Sociedade esta que quanto mais instruída mais tem consciência desses riscos. Pois para os países em desenvolvimento ainda lhes é latente a mentalidade da sociedade que antecede a sociedade do risco: Eles querem desenvolver-se e com isso as indústrias vão até eles, mesmo sabendo do que são capazes de produzir, e lhes proporcionam a vantagem de também darem a sua parcela de destruição e de riscos para essa nova sociedade.

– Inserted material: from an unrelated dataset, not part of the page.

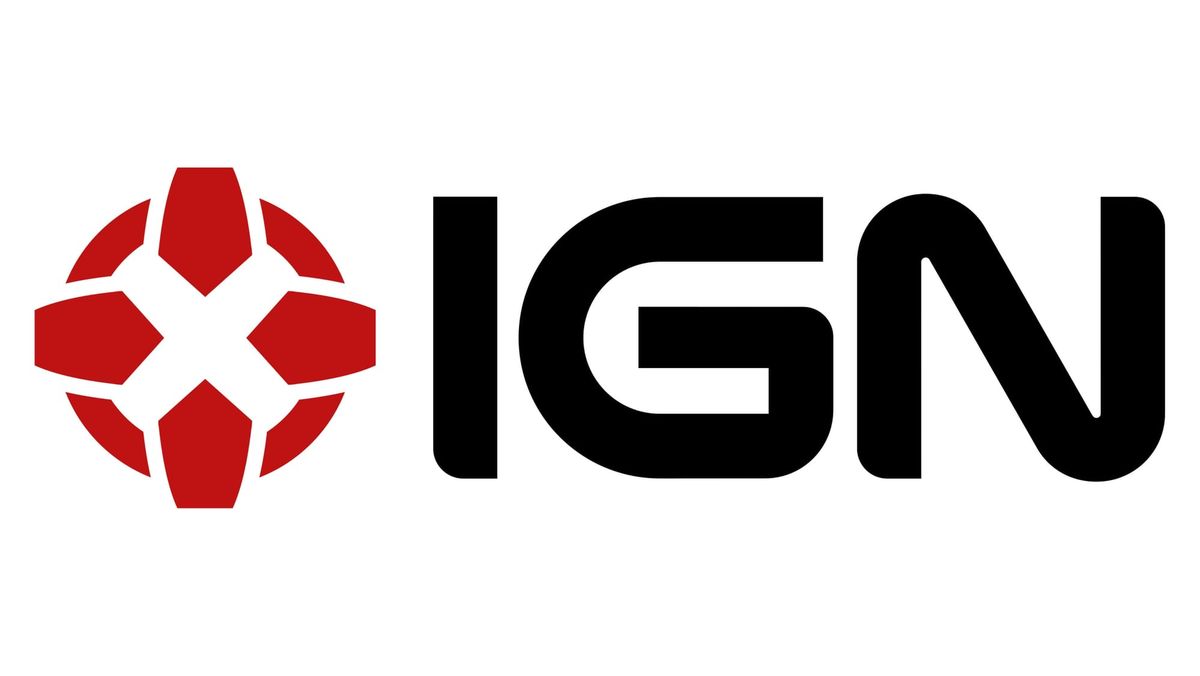 IGN Ownership Chooses Busiest Time For Games Media In Years To Lay A Bunch Of People Off [Update]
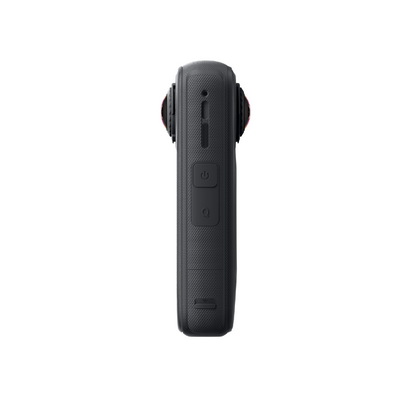 Insta360 X4 Air Action Camera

A consciência dos riscos surge quando pessoas sentem os problemas que esses riscos podem acometer-lhes. Assim essas pessoas, que podem compartilhar do mesmo espaço social e físico ou não, se unem sob um mesmo objetivo: Combater e denunciar os riscos e os problemas que os males advindos da nossa globalização e nossas evolução técnico-industrial. Mesmo que os cientistas e os especialistas digam que tais males não hão de nos acometer, essas afirmações começam a tornarem-se infundadas ante o contingente de problemas e denuncias que vão se apresentando. Essa revelação dos problemas causa uma angústia às autoridades competentes, como governos, que continuam dando autorização para que se produzam pesticidas e adubos que serão utilizados no cultivo e produção de lavouras no mundo inteiro e rações duvidosas que serão dadas aos animais, cevando-os para que pronto estejam disponíveis ao abate. Todas essas toxinas voltam para nos e os cientistas, com toda a sua ciência, não fazem a mínima idéia de como ou quão mal essas coisas podem nos fazer.
São nesses alicerces que se erguem à lógica da sociedade do risco. No medo do mal que podemos fazer (e que estamos fazendo) ao planeta e a nos mesmos.